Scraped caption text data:
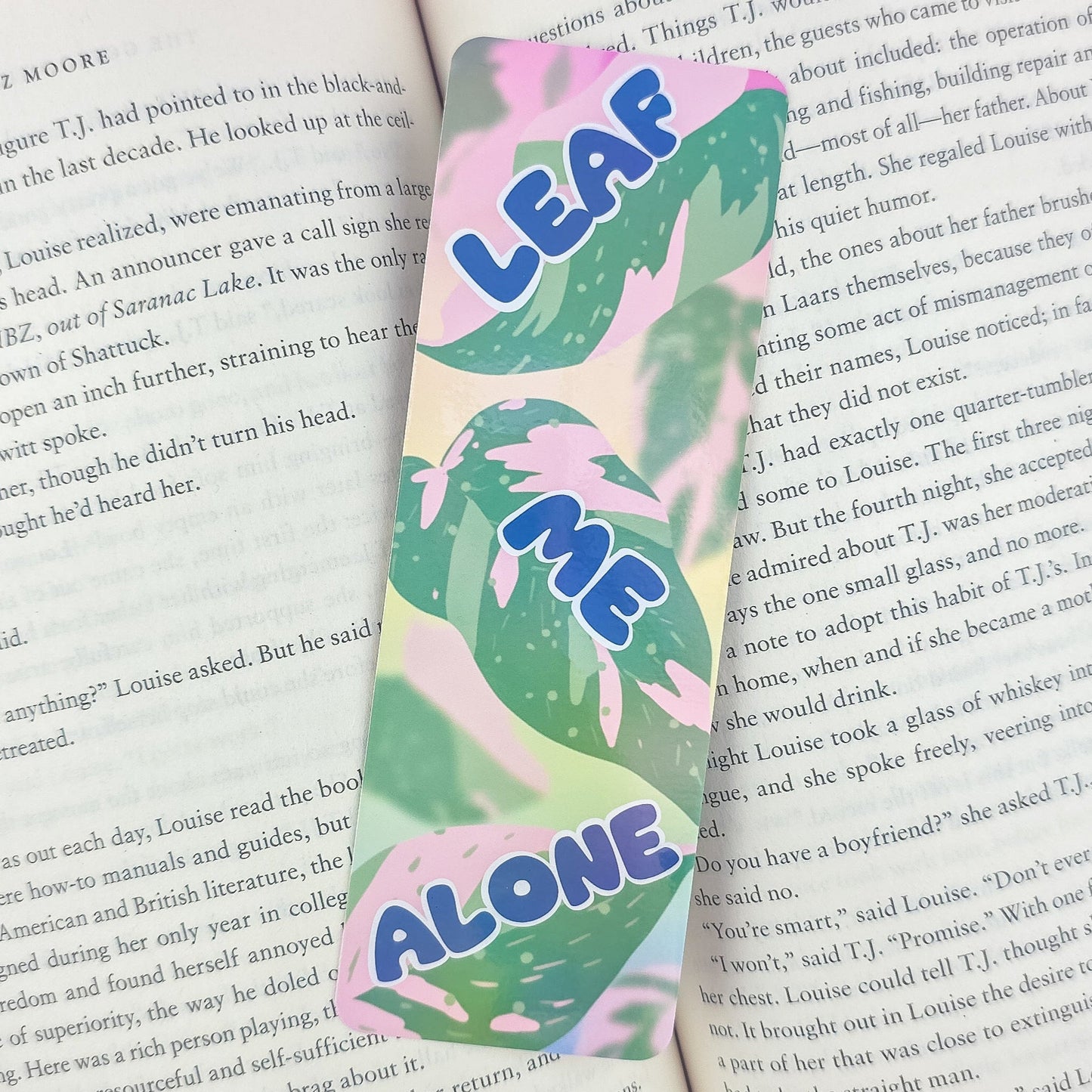 Leaf Me Alone Bookmark – Holographic Pink Princess Philodendron
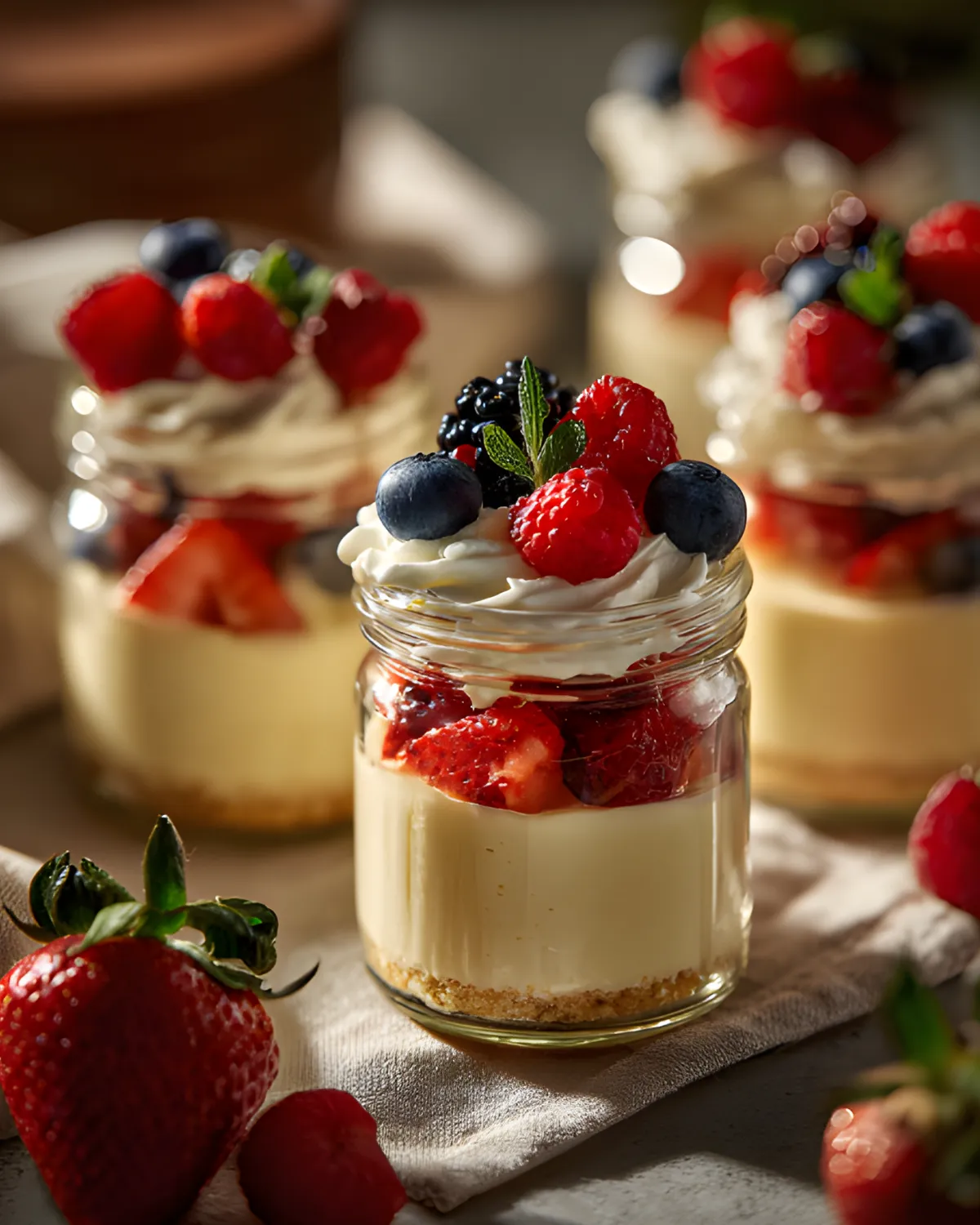 No-Bake Cheesecake Cups Recipe served in jars with whipped cream and fresh strawberries blueberries and raspberries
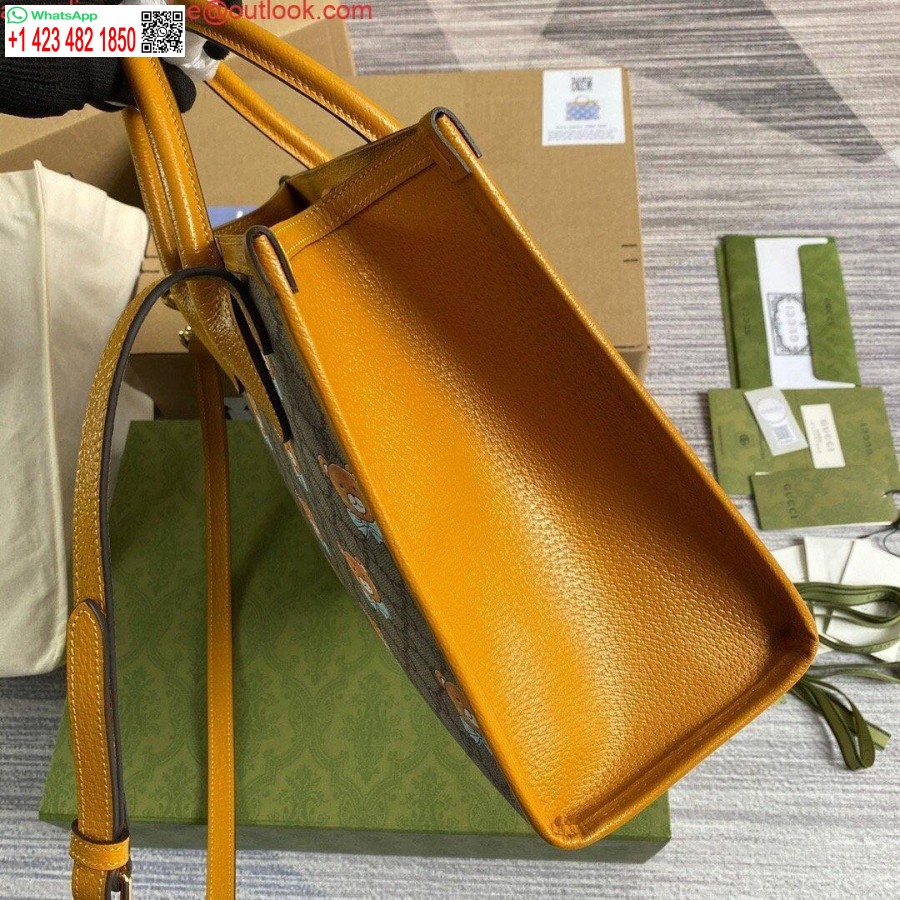 طبق الاصل غوتشي 660531 جي جي كاي التعاون تيدي بير حمل حقيبة تان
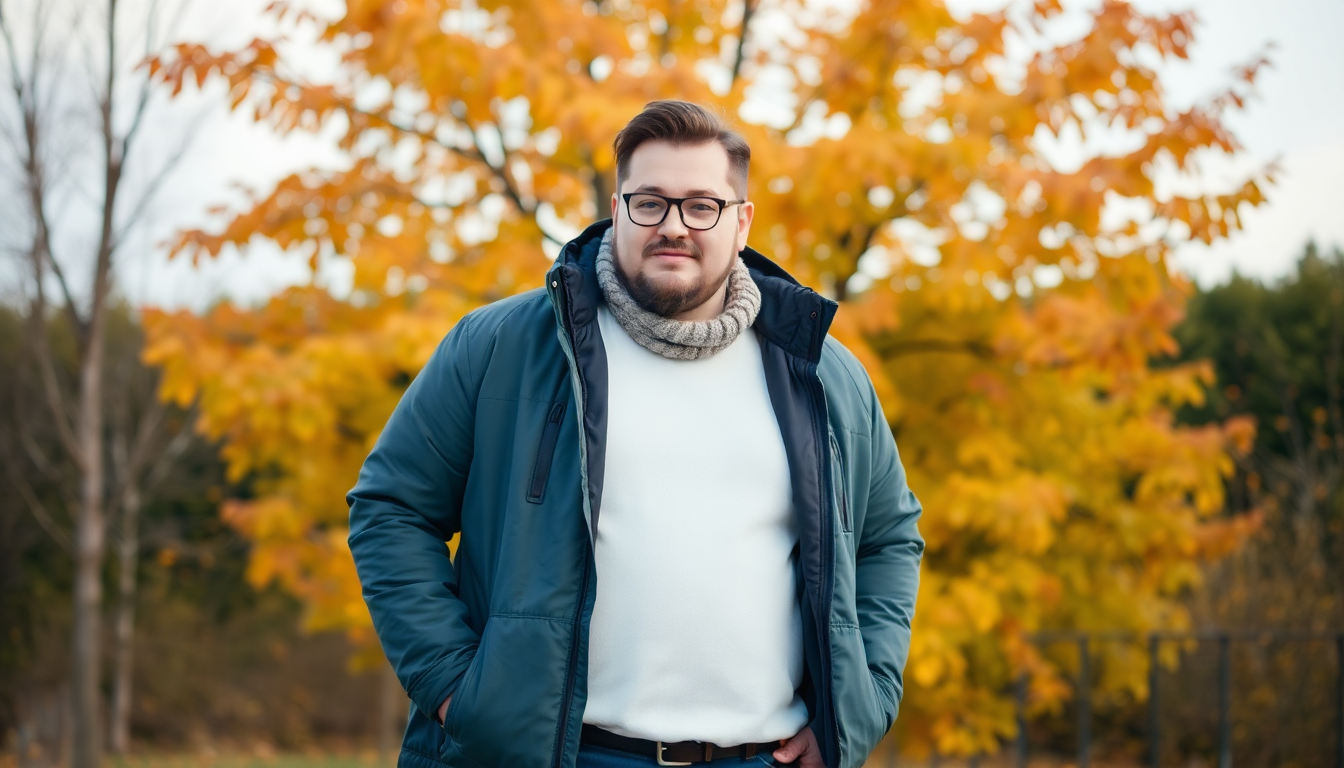 A stylish plus-size man in autumn fashion outdoors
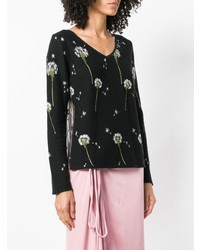 Blugirl Floral V Neck Sweater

Description of the task: Repeat the records above verbatim, with no pictures in the result.

Output for this task:
 Leaf Me Alone Bookmark – Holographic Pink Princess Philodendron
 No-Bake Cheesecake Cups Recipe served in jars with whipped cream and fresh strawberries blueberries and raspberries
 طبق الاصل غوتشي 660531 جي جي كاي التعاون تيدي بير حمل حقيبة تان
 A stylish plus-size man in autumn fashion outdoors
 Blugirl Floral V Neck Sweater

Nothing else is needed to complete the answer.